*MATERIAL FOR THE TASK*.
━━━━━━━━━━━━━━━━━━━━
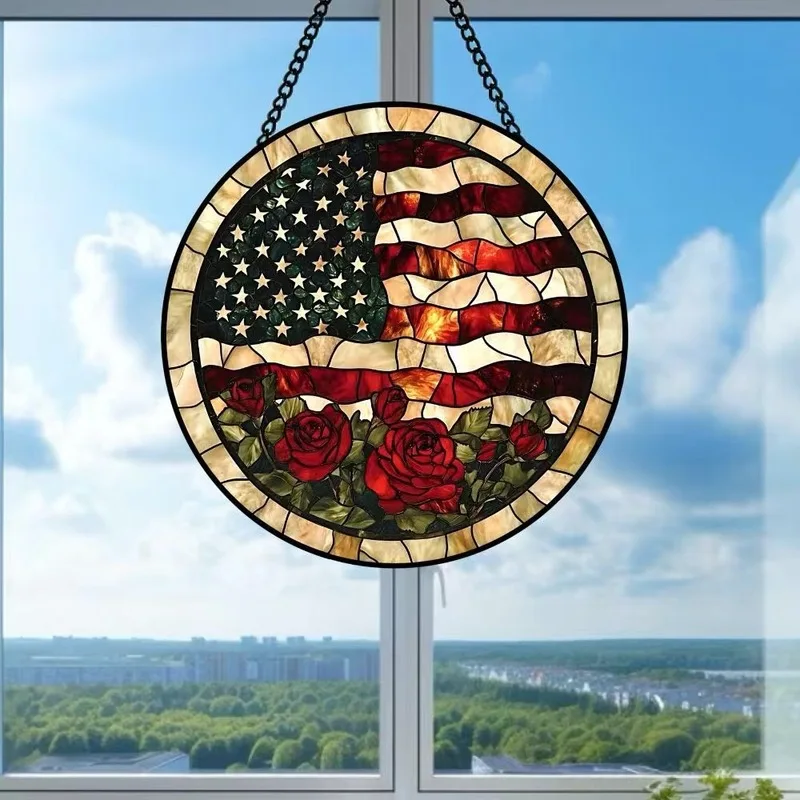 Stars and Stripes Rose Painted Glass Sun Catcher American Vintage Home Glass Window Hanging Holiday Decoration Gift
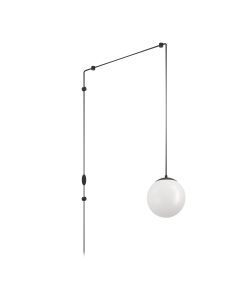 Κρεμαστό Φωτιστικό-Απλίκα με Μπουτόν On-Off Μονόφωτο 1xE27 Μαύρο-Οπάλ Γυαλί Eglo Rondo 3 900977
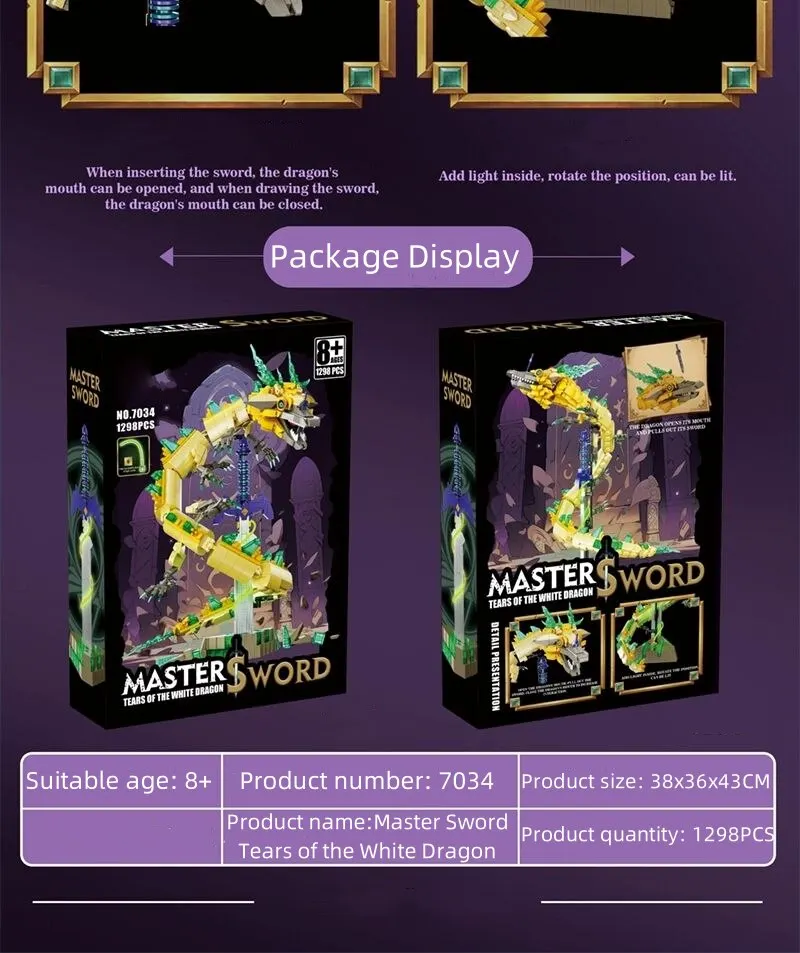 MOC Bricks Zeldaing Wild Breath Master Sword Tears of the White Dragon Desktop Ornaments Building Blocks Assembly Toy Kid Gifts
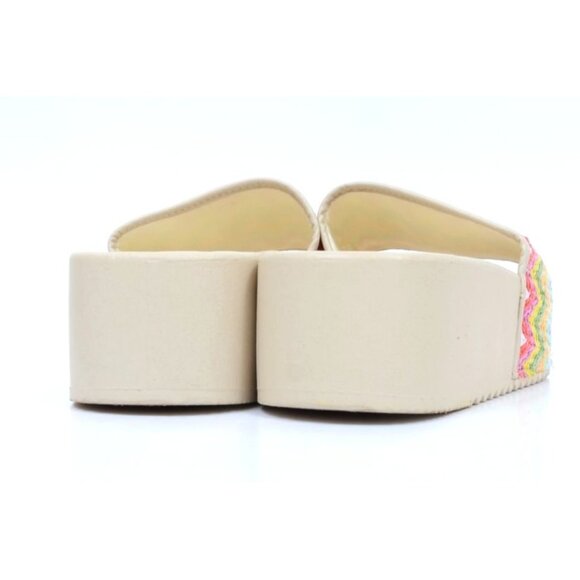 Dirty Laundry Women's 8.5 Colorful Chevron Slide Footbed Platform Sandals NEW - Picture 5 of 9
━━━━━━━━━━━━━━━━━━━━
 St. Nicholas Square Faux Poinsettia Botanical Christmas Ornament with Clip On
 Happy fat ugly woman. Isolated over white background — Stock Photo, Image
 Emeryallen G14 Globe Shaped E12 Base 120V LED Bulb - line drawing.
━━━━━━━━━━━━━━━━━━━━
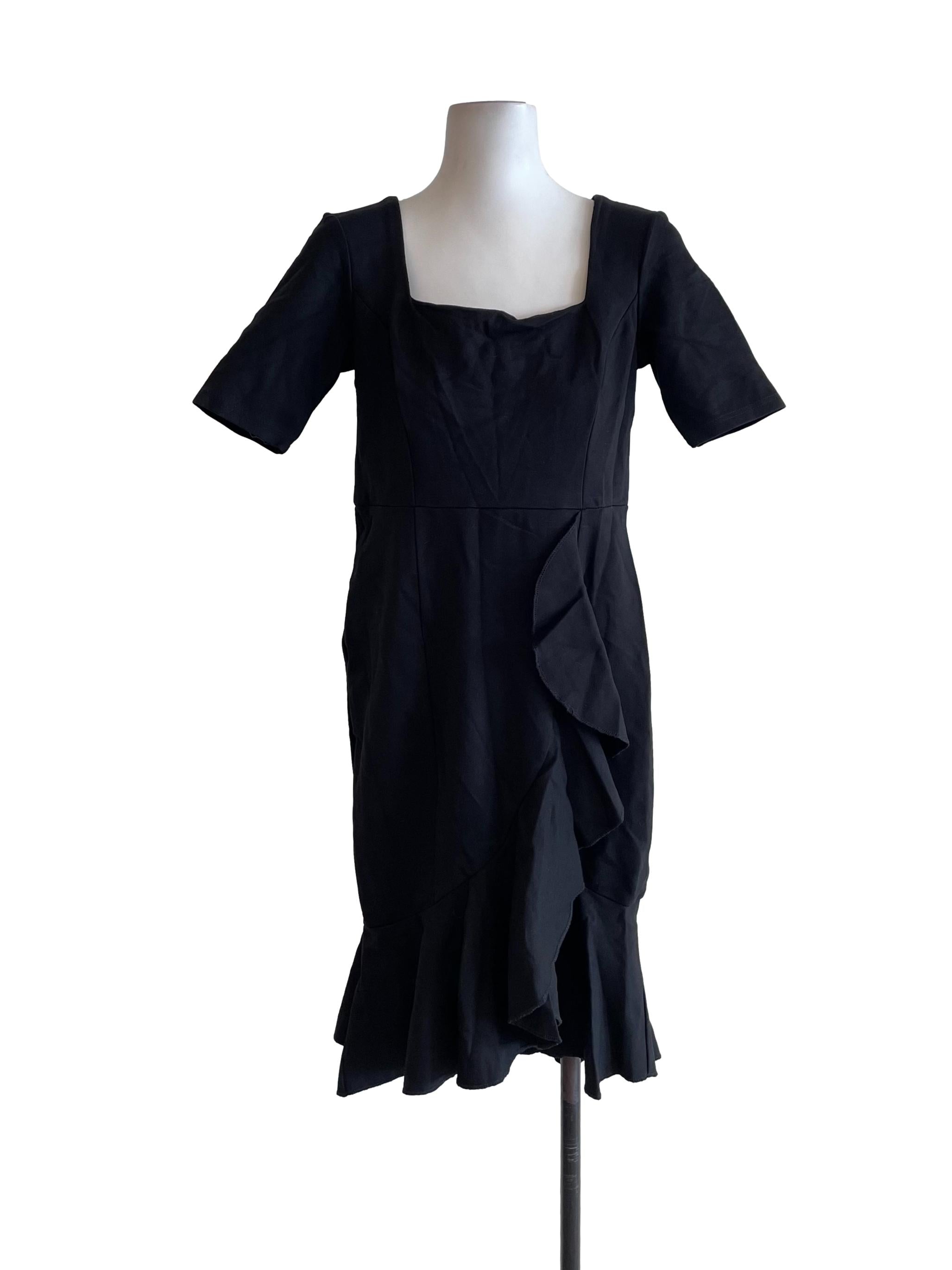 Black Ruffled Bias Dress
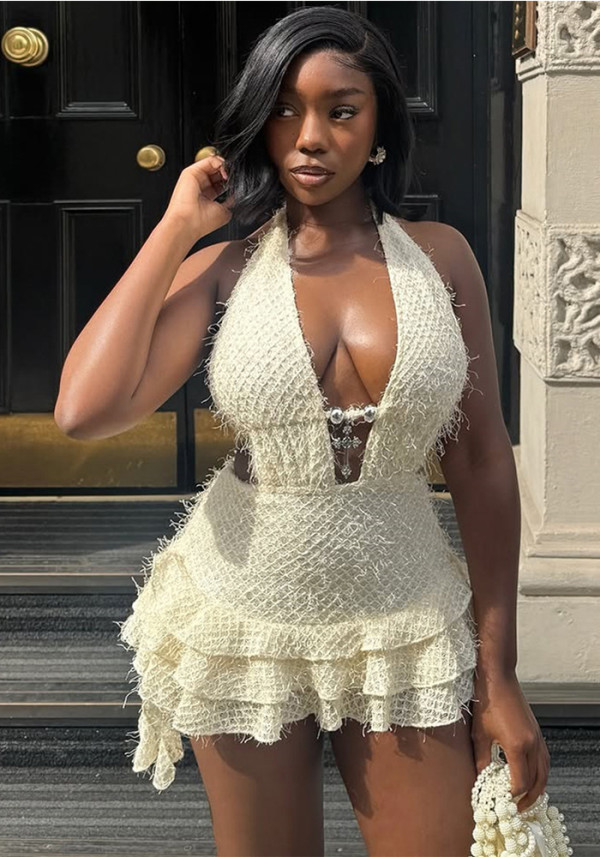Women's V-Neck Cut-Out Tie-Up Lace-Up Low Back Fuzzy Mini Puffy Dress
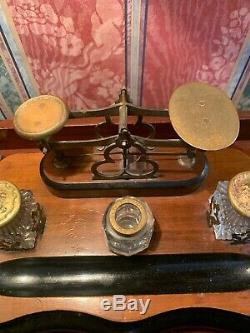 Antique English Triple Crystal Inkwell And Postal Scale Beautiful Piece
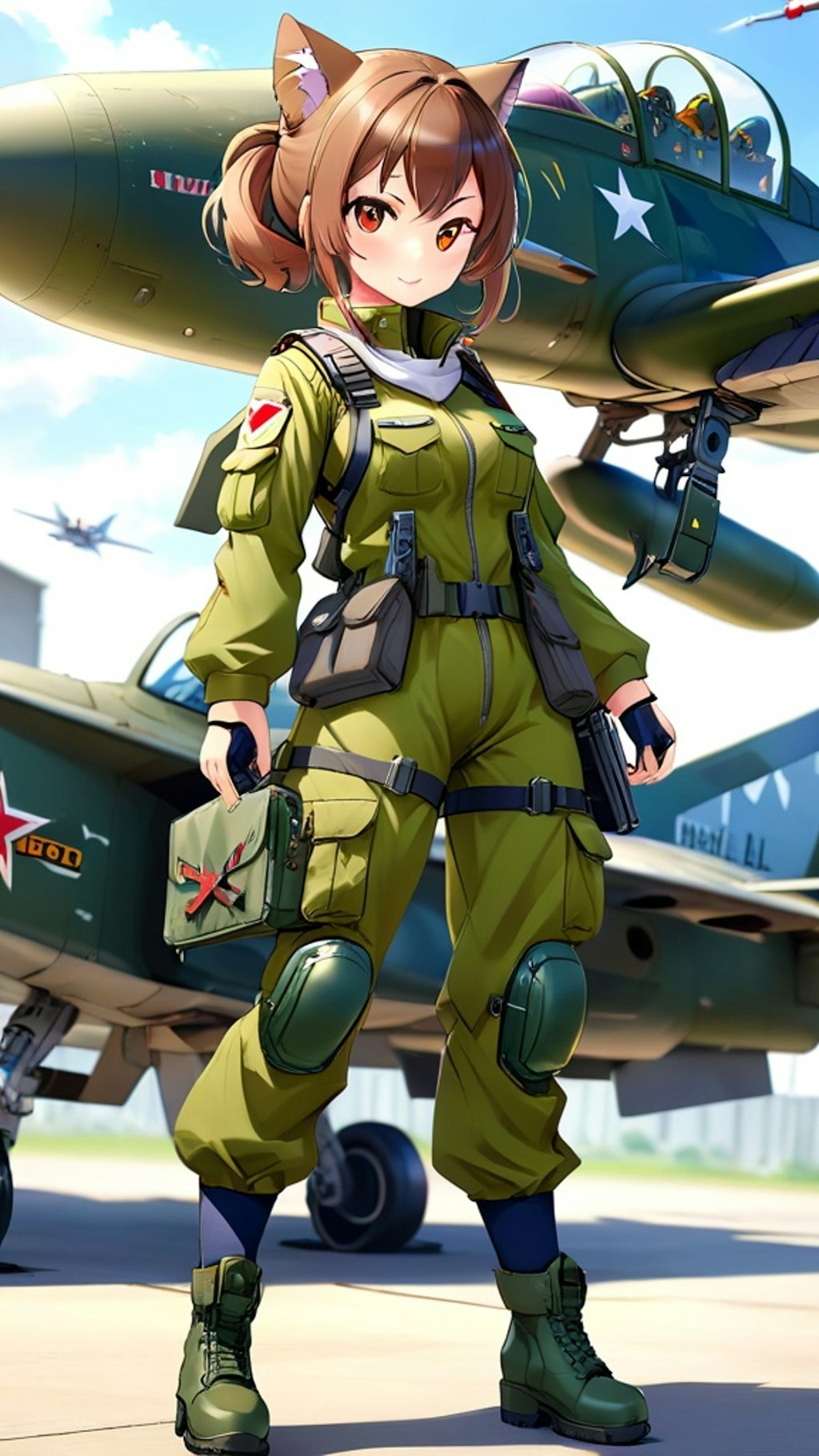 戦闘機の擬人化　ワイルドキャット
━━━━━━━━━━━━━━━━━━━━
In the records above, find the line with "Black Ruffled Bias Dress" and the line with "戦闘機の擬人化　ワイルドキャット", then restate word for word only those two lines and all lines between, omitting pictures.

 Black Ruffled Bias Dress
Women's V-Neck Cut-Out Tie-Up Lace-Up Low Back Fuzzy Mini Puffy Dress
 Antique English Triple Crystal Inkwell And Postal Scale Beautiful Piece
 戦闘機の擬人化　ワイルドキャット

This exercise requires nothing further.